_Directions for this task_
Begin at the line containing "KitchenYeah Keukenloper Loper" in the entries below and end at the line containing "HD| KLM A330-300"; transcribe that range exactly and nothing outside it.

_Records supplied_
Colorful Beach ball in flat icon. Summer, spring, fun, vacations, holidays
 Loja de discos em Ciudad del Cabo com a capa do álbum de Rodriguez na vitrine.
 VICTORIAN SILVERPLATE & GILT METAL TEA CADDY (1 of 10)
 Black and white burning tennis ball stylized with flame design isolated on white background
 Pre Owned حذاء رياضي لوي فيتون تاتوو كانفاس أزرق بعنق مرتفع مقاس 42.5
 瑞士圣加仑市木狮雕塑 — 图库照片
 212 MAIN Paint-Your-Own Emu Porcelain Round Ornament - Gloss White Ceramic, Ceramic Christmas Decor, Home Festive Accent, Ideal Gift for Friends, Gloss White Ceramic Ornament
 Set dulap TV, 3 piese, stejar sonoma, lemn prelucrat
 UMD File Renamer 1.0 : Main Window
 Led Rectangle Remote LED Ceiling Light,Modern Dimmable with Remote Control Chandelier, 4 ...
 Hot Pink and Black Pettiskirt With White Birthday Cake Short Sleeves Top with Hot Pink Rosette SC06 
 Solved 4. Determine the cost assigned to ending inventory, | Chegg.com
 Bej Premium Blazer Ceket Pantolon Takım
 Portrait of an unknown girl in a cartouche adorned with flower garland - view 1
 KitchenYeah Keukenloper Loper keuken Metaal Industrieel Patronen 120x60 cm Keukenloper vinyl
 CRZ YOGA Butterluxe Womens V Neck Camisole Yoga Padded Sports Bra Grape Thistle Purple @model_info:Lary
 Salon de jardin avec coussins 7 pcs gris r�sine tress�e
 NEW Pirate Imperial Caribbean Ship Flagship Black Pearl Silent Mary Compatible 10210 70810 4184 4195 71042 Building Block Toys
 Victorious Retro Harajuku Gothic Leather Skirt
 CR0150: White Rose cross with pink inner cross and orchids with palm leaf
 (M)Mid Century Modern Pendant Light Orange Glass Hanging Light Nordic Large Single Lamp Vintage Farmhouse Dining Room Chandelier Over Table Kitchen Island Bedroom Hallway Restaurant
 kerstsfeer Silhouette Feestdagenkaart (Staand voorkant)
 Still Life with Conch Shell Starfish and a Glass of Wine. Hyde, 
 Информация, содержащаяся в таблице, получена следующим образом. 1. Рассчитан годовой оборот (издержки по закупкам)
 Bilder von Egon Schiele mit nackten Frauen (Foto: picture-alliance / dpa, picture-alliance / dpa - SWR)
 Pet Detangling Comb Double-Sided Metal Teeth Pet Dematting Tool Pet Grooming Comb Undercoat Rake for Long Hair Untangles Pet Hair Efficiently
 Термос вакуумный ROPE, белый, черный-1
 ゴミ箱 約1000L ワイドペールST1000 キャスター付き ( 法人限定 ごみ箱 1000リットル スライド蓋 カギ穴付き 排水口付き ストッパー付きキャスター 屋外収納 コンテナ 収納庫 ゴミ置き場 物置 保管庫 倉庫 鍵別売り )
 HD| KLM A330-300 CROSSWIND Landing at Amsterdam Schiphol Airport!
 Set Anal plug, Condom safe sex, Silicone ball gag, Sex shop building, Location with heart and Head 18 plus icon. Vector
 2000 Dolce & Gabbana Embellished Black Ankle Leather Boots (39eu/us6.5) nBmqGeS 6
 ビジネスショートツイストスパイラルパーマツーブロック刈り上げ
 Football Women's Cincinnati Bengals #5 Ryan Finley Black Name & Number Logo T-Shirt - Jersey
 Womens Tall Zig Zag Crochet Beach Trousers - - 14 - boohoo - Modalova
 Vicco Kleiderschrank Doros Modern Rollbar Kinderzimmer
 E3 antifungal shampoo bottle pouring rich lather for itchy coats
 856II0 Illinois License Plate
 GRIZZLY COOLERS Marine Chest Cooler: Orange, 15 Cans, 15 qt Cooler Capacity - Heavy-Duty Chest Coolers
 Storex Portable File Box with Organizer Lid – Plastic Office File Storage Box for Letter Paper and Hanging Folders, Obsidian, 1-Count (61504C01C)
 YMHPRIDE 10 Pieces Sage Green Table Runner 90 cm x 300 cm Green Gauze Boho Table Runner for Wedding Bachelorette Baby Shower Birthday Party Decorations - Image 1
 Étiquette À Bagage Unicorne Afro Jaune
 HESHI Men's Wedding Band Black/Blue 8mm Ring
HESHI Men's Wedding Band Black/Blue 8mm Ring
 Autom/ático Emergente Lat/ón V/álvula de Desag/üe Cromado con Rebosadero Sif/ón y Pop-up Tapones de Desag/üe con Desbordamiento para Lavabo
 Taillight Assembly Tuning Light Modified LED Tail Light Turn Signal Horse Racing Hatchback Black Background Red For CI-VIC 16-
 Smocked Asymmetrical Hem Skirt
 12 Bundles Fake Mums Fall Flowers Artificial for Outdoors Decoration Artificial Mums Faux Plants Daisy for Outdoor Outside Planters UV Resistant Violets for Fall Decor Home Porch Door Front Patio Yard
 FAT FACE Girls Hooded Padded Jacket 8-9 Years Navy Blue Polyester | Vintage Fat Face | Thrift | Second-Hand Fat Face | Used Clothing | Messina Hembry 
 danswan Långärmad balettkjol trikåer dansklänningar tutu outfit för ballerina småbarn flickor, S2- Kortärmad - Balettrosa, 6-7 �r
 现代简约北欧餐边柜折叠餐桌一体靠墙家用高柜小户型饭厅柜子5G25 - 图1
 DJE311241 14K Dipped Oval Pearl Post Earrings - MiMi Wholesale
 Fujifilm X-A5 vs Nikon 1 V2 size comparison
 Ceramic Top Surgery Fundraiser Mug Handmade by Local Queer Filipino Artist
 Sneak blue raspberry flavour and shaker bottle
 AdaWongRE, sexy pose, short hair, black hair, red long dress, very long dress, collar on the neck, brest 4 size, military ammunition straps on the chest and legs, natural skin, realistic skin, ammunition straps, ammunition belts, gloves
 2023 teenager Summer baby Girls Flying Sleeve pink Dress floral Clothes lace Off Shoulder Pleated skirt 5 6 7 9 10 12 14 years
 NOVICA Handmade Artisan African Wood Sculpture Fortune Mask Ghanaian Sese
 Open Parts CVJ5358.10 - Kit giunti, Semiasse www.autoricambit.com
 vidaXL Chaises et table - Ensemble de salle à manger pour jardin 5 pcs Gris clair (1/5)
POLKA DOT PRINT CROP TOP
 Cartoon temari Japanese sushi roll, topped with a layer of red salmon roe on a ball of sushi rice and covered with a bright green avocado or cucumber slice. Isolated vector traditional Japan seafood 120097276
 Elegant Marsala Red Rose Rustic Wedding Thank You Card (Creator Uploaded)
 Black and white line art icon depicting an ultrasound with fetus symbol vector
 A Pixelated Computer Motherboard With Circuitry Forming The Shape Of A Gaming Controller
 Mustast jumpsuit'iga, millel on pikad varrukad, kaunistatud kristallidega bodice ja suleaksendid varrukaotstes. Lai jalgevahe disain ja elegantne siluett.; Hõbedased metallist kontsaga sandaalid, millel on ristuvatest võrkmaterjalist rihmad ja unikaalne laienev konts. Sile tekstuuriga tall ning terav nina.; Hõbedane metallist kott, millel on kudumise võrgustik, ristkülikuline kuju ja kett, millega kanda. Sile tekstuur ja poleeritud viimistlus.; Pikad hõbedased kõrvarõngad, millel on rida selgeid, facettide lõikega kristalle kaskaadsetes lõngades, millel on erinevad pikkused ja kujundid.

_Your solution_
 KitchenYeah Keukenloper Loper keuken Metaal Industrieel Patronen 120x60 cm Keukenloper vinyl
 CRZ YOGA Butterluxe Womens V Neck Camisole Yoga Padded Sports Bra Grape Thistle Purple @model_info:Lary
 Salon de jardin avec coussins 7 pcs gris r�sine tress�e
 NEW Pirate Imperial Caribbean Ship Flagship Black Pearl Silent Mary Compatible 10210 70810 4184 4195 71042 Building Block Toys
 Victorious Retro Harajuku Gothic Leather Skirt
 CR0150: White Rose cross with pink inner cross and orchids with palm leaf
 (M)Mid Century Modern Pendant Light Orange Glass Hanging Light Nordic Large Single Lamp Vintage Farmhouse Dining Room Chandelier Over Table Kitchen Island Bedroom Hallway Restaurant
 kerstsfeer Silhouette Feestdagenkaart (Staand voorkant)
 Still Life with Conch Shell Starfish and a Glass of Wine. Hyde, 
 Информация, содержащаяся в таблице, получена следующим образом. 1. Рассчитан годовой оборот (издержки по закупкам)
 Bilder von Egon Schiele mit nackten Frauen (Foto: picture-alliance / dpa, picture-alliance / dpa - SWR)
 Pet Detangling Comb Double-Sided Metal Teeth Pet Dematting Tool Pet Grooming Comb Undercoat Rake for Long Hair Untangles Pet Hair Efficiently
 Термос вакуумный ROPE, белый, черный-1
 ゴミ箱 約1000L ワイドペールST1000 キャスター付き ( 法人限定 ごみ箱 1000リットル スライド蓋 カギ穴付き 排水口付き ストッパー付きキャスター 屋外収納 コンテナ 収納庫 ゴミ置き場 物置 保管庫 倉庫 鍵別売り )
 HD| KLM A330-300 CROSSWIND Landing at Amsterdam Schiphol Airport!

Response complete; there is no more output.